Expected Value Of A Process - Formalization / Foundations

36 Views Asked by At

Consider the question: Let $X$ be the random variable describing the number of rolls of a six-sided die needed till you see a $6$. What is $\mathbb{E}(X)$? Usually the answer given is $6$. What is such a question asking, in a formal mathematical sense?

It seems you're taking the set of all sequences of $1$ to $6$, removing all of them that continue after a $6$ is seen, and then assigning a probability to each one and adding those probabilities. This method works in a countable case, because for an absolutely convergent series the order of addition doesn't matter.

But here we have uncountably many sequences of length $\infty$, because there are uncountably many sequences of just $1$ through $5$ that never hit a $6$. Each such sequence has probability $0$, but that doesn't necessitate that their sum be $0$. In the continuous case, the way you add probabilities matters. In the dice question we are not given a particular way to add the probabilities.

You could say: to formalize, don't consider any sequences that are not finite. Then you cannot correctly answer similar questions. For example, consider a $10$-sided fair dice. It has the surprising property that after each roll, it multiplies its sides by $10$. So, it becomes after the first roll a $100$-sided fair dice with numbers $1$ through $100$ on it. What is the expected number of rolls till you see a $1$? The chance you ever see a $1$ is $.111111.. = \frac{1}{9}$. So the expected number of rolls must be $\infty$. If you only consider finite sequences terminating with $1$, your answer will be wrong.

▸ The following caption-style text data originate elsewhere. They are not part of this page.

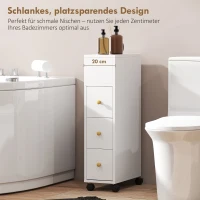 HOMCOM Badezimmerschrank Schmal, Badschrank mit 4 Rollen, 3 Schubladen, 5 offenen Fächern, 20x40x80cm, Weiß(m-7)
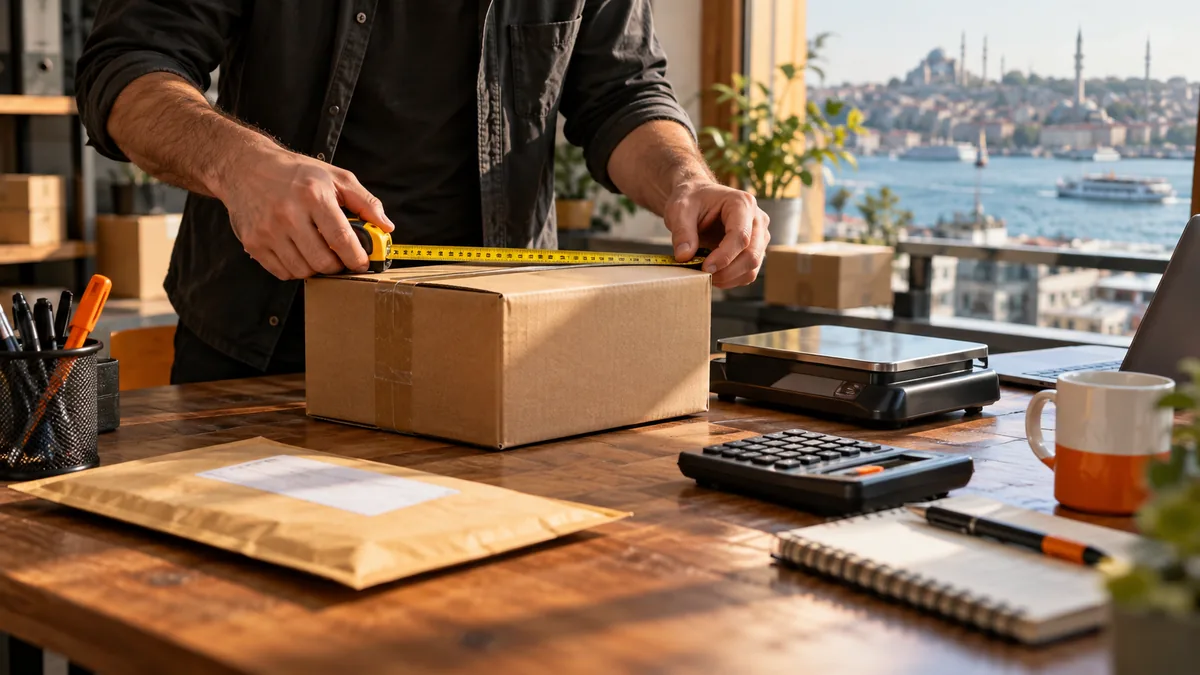 Paketin ölçüsünü kontrol eden kişi, tartı ve hesap makinesi.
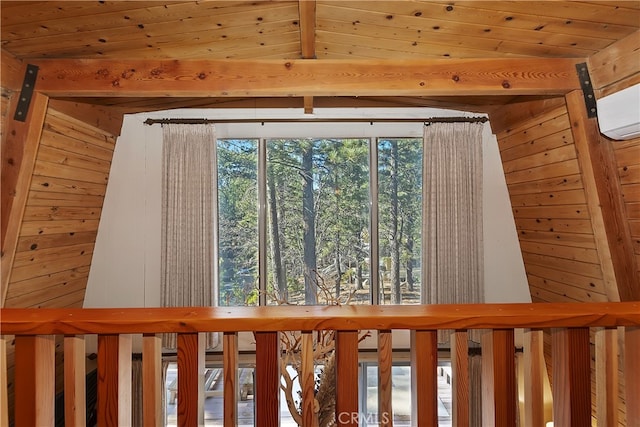 room details featuring a wall unit AC and wooden ceiling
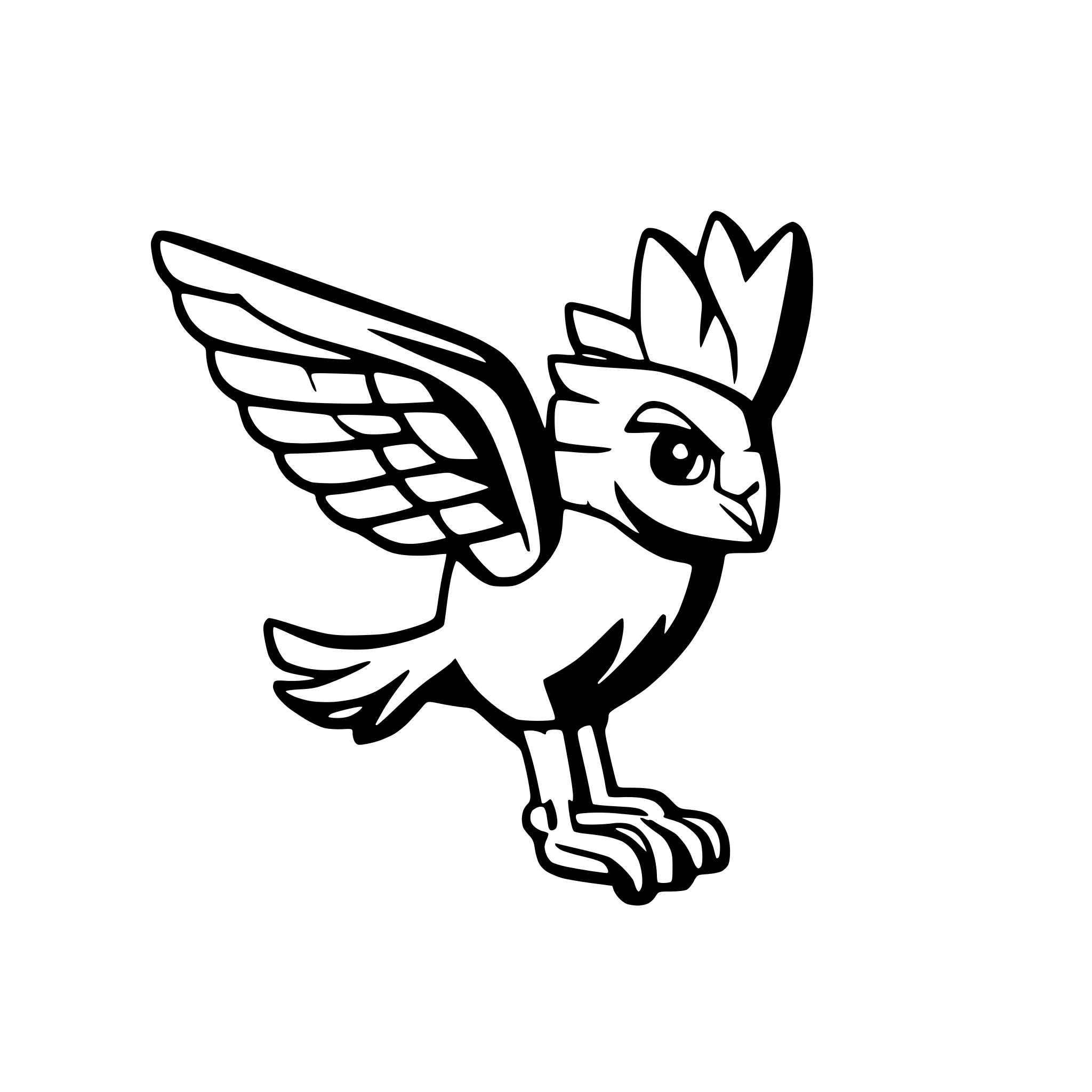 AI-generated SVG of a side profile of a cartoon falcon flying with its legs tucked AI-generated SVG of a side profile of a cartoon falcon flying with its legs tucked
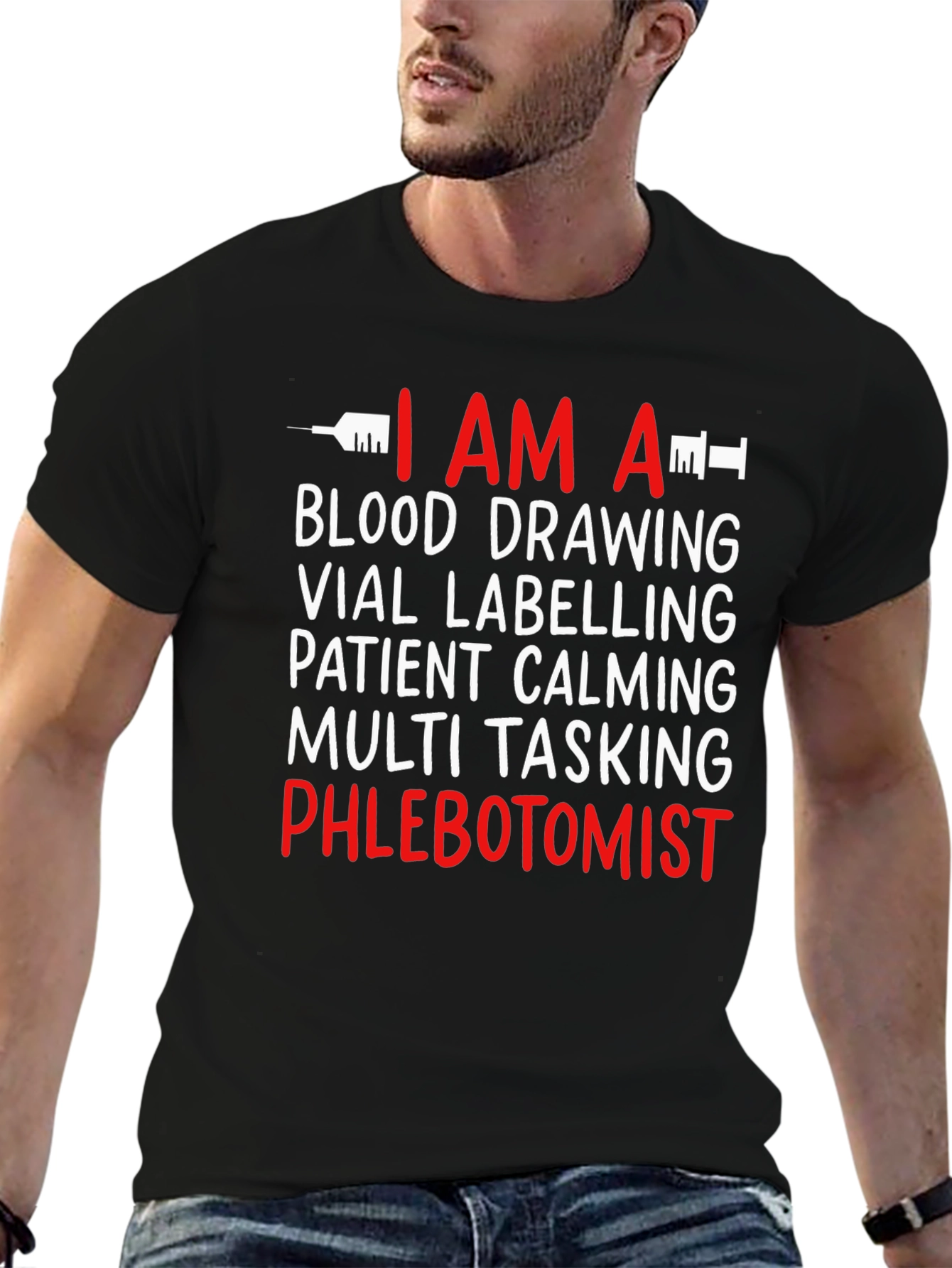 Black Phlebotomist Profession T-Shirt view 6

Also it's not clear that you can say that probability distributions must sum to $1$, so add up all the cases you can completely characterize in finitely many rolls, notice that the sums of their probabilities is $1$, and therefore conclude that any valid probability distribution must therefore assign probability $0$ to the set of non-finitely terminating rolls. This is because it's unclear what it means to completely characterize something in finitely many rolls, and it's not clear that such a method would resolve all the intuitively answerable questions about sequences of rolls.

So, is there a canonical, more-or-less axiomatic way to figure out what mathematical question (e.g., a particular infinite summation) problems of this kind are asking?

1

There are 1 best solutions below

0
On

If you wanted to translate the dice question into a formal mathematical statement, then you might do it like this:

Suppose we have a sequence $\{Z_i\}_{i\ge1}$ of iid random variables defined on some probability space $(\Omega,\mathcal F,\mathbb P)$ such that $\mathbb P(Z_1=k)=\frac16$ for $k=1,\ldots,6$. Let $X=\inf\{n:Z_n=6\}$. What is $\mathbb E(X)$?

Of course, this isn't the only way. You might even call it flawed - after all, how do we know that $X$ is measurable? In this case, measurability of $X$ is pretty trivial, but perhaps you would rather another approach. Okay. So let's skip the sequence $\{Z_i\}$ and jump straight into defining $X$ from some appropriate probability space $(\Omega,\mathcal F,\mathbb P)$.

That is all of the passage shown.